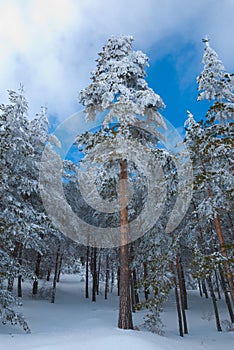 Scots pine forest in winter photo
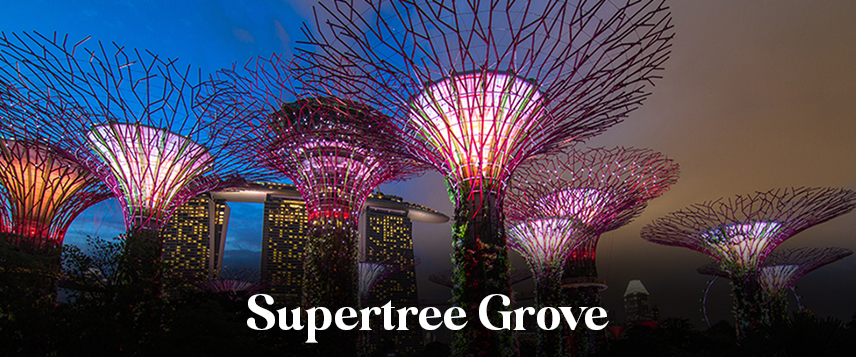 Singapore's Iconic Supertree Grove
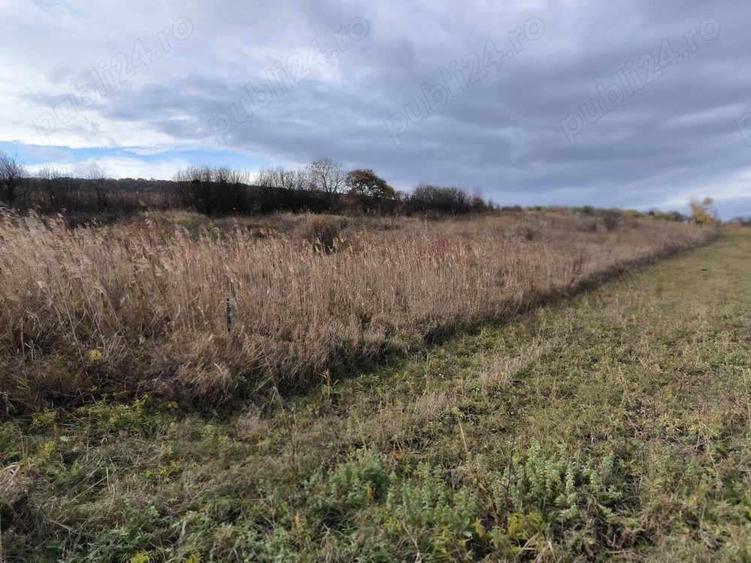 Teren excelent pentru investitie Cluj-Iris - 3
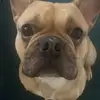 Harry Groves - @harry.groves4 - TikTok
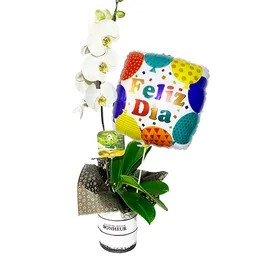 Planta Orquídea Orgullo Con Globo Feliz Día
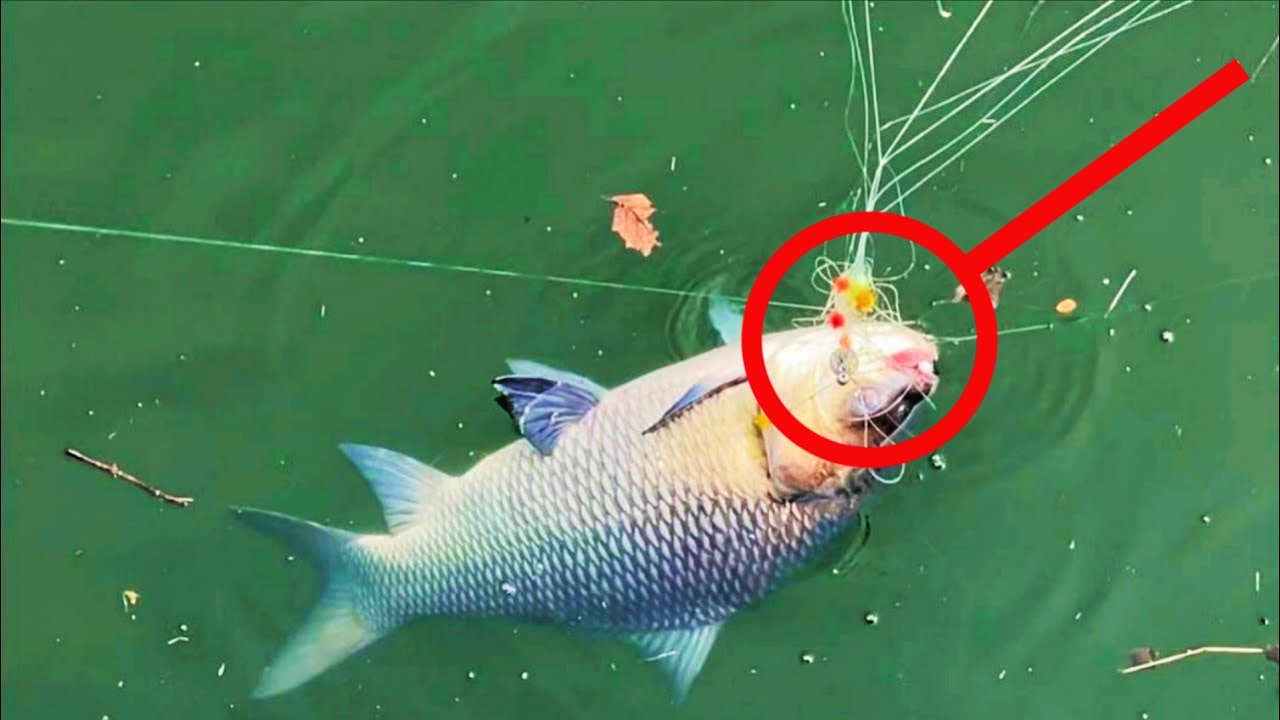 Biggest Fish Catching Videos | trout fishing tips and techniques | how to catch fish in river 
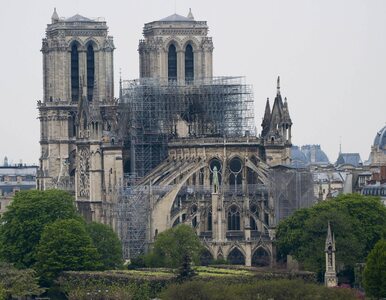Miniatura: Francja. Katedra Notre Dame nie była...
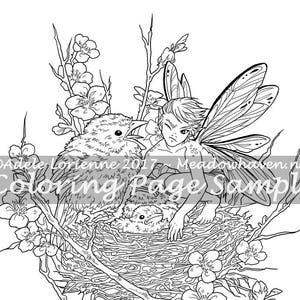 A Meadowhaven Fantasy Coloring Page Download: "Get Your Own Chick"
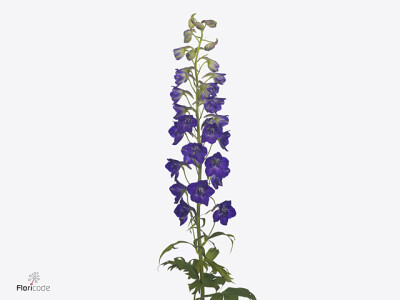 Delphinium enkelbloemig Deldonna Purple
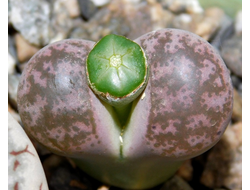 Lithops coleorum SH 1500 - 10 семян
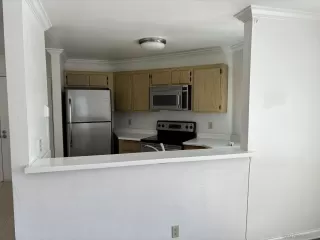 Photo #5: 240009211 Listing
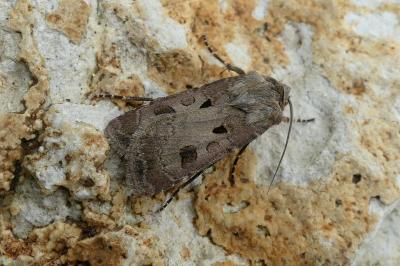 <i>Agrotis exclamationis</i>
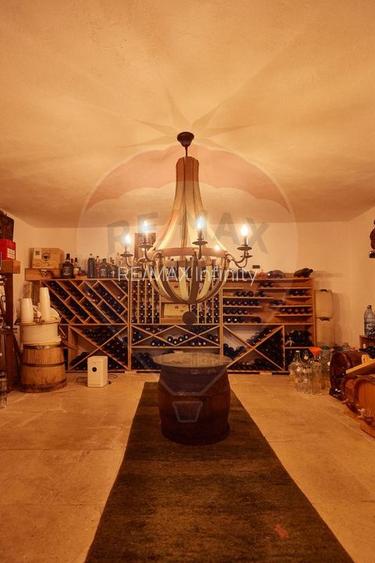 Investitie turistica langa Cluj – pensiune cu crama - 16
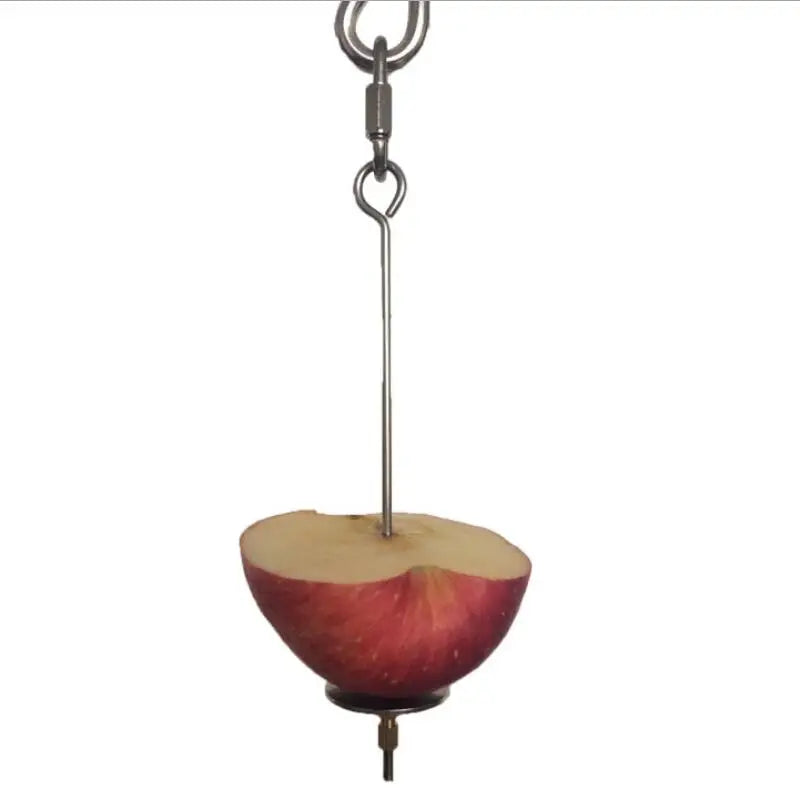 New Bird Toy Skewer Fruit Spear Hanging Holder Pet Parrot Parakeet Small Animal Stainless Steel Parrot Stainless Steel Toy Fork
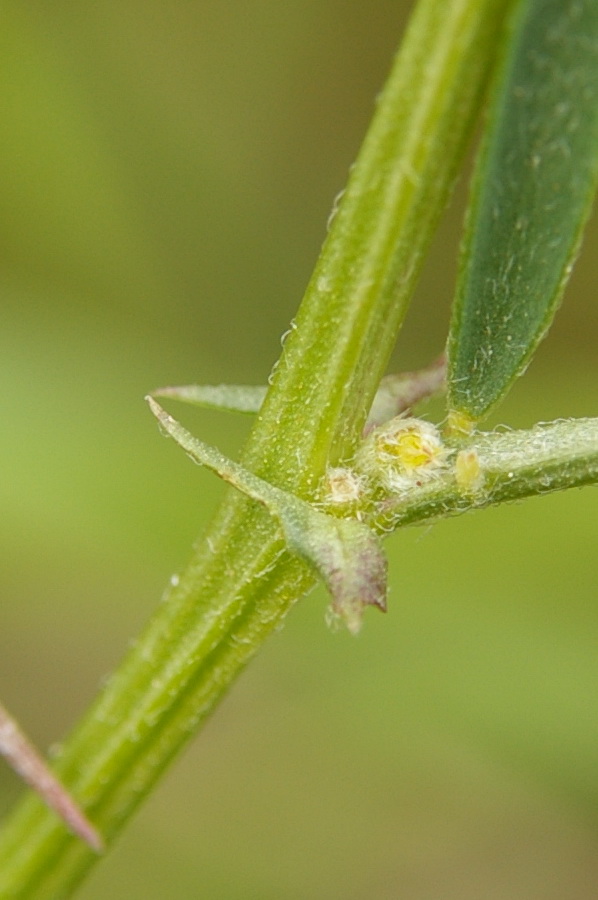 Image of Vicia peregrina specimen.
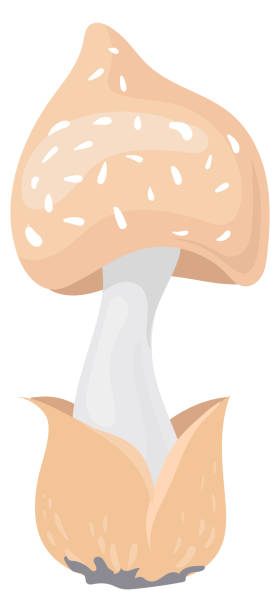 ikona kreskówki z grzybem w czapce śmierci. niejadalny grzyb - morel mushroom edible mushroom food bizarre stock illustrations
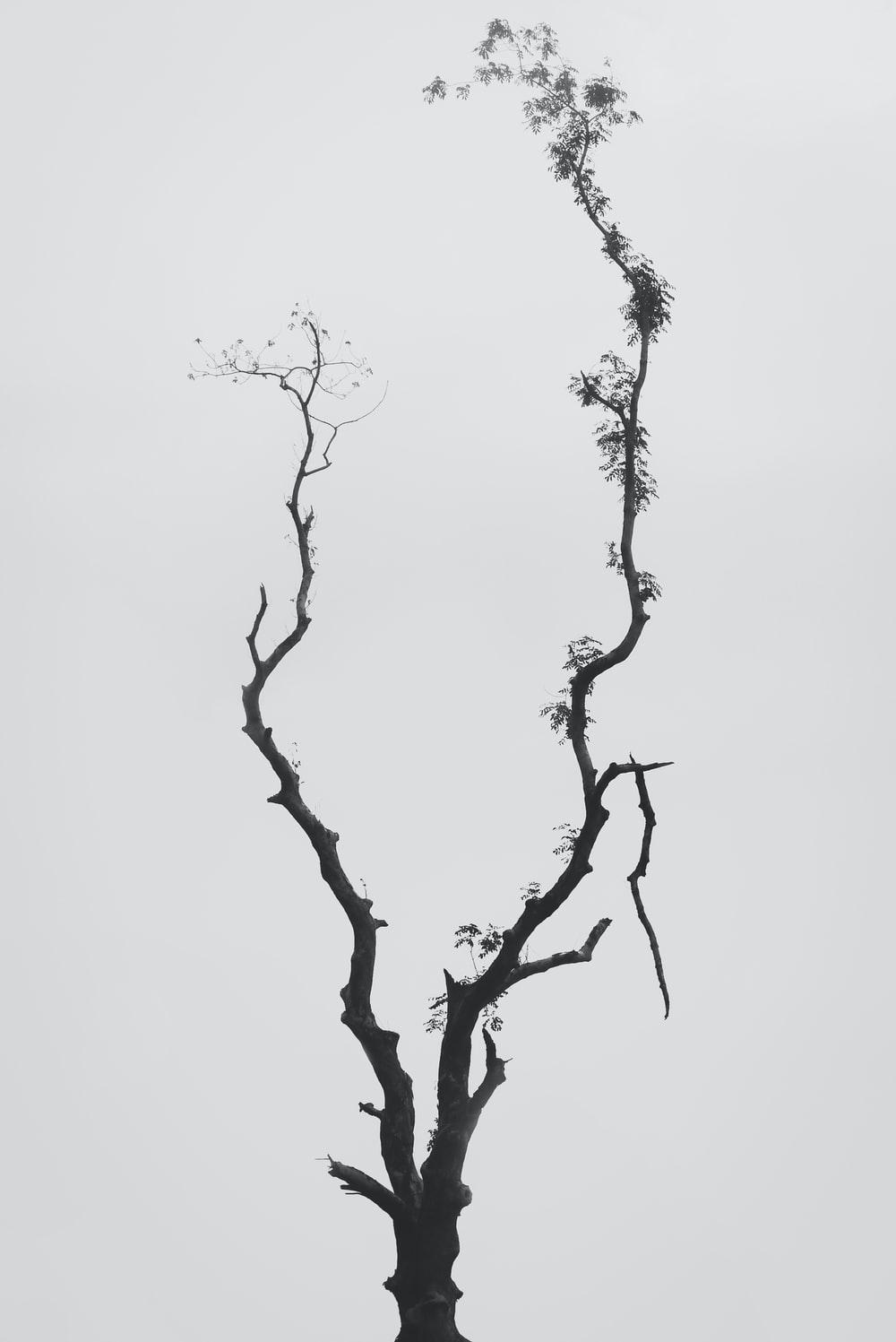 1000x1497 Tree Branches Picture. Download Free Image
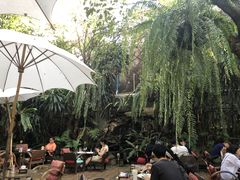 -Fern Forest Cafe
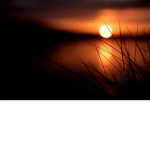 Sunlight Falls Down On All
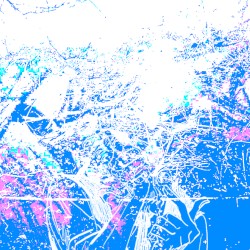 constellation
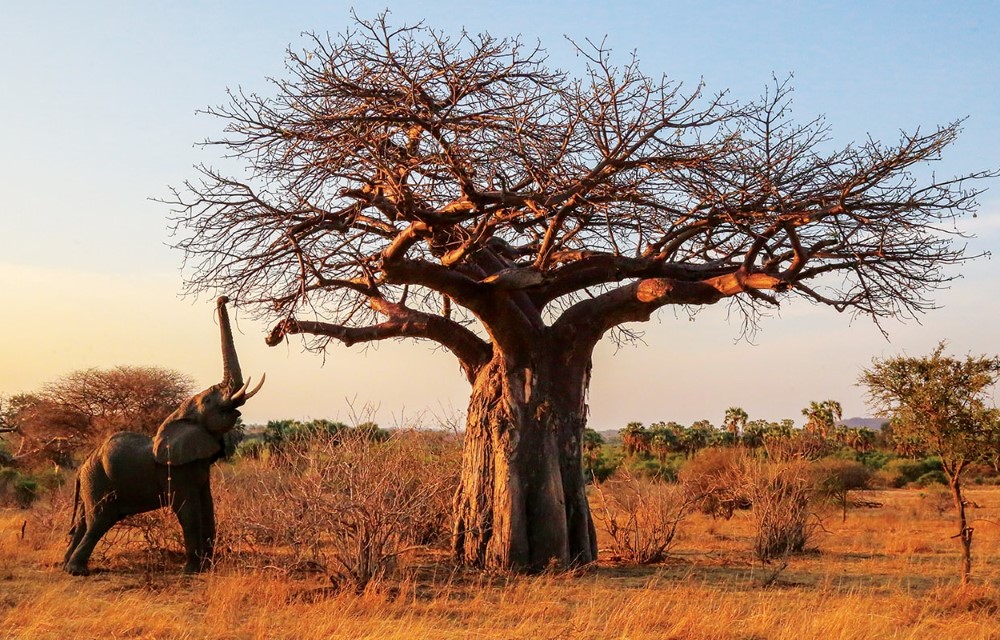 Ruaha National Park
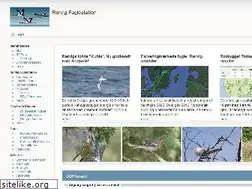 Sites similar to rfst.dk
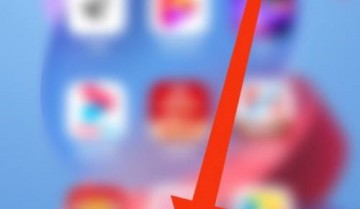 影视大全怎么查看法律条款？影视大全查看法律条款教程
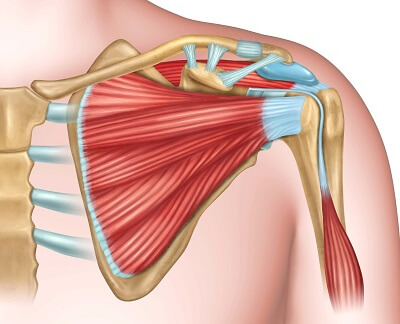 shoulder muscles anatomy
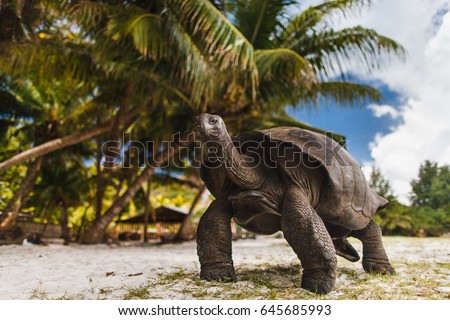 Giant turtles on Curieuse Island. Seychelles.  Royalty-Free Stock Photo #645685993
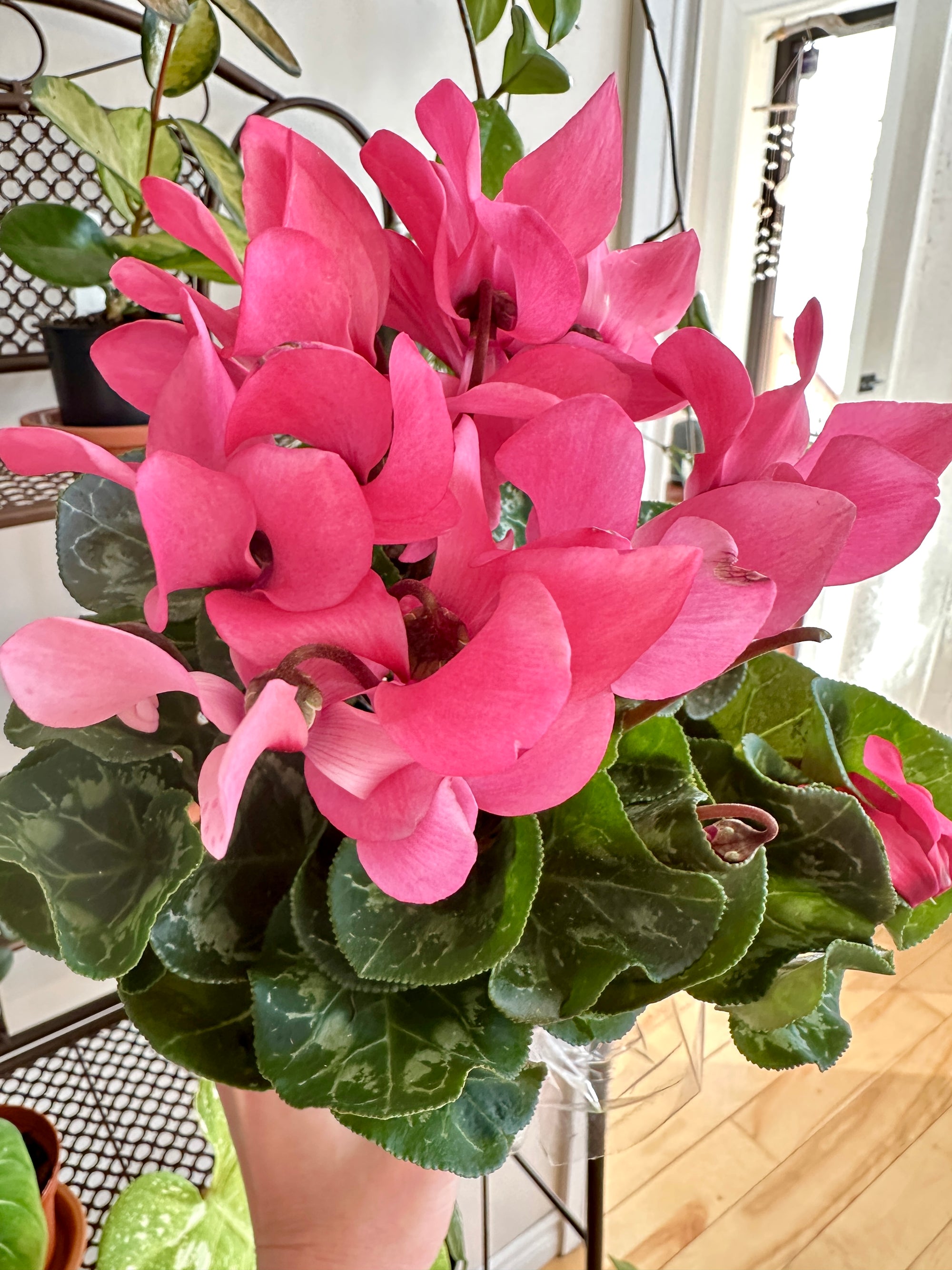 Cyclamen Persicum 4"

++++

Instructions for the task - Retype the data in full. Images do not go in the copy.

Written solution -
 Scots pine forest in winter photo
 Singapore's Iconic Supertree Grove
 Teren excelent pentru investitie Cluj-Iris - 3
 Harry Groves - @harry.groves4 - TikTok
 Planta Orquídea Orgullo Con Globo Feliz Día
 Biggest Fish Catching Videos | trout fishing tips and techniques | how to catch fish in river 
Miniatura: Francja. Katedra Notre Dame nie była...
 A Meadowhaven Fantasy Coloring Page Download: "Get Your Own Chick"
 Delphinium enkelbloemig Deldonna Purple
 Lithops coleorum SH 1500 - 10 семян
 Photo #5: 240009211 Listing
 <i>Agrotis exclamationis</i>
 Investitie turistica langa Cluj – pensiune cu crama - 16
 New Bird Toy Skewer Fruit Spear Hanging Holder Pet Parrot Parakeet Small Animal Stainless Steel Parrot Stainless Steel Toy Fork
 Image of Vicia peregrina specimen.
 ikona kreskówki z grzybem w czapce śmierci. niejadalny grzyb - morel mushroom edible mushroom food bizarre stock illustrations
 1000x1497 Tree Branches Picture. Download Free Image
 -Fern Forest Cafe
 Sunlight Falls Down On All
 constellation
 Ruaha National Park
 Sites similar to rfst.dk
 影视大全怎么查看法律条款？影视大全查看法律条款教程
 shoulder muscles anatomy
 Giant turtles on Curieuse Island. Seychelles.  Royalty-Free Stock Photo #645685993
 Cyclamen Persicum 4"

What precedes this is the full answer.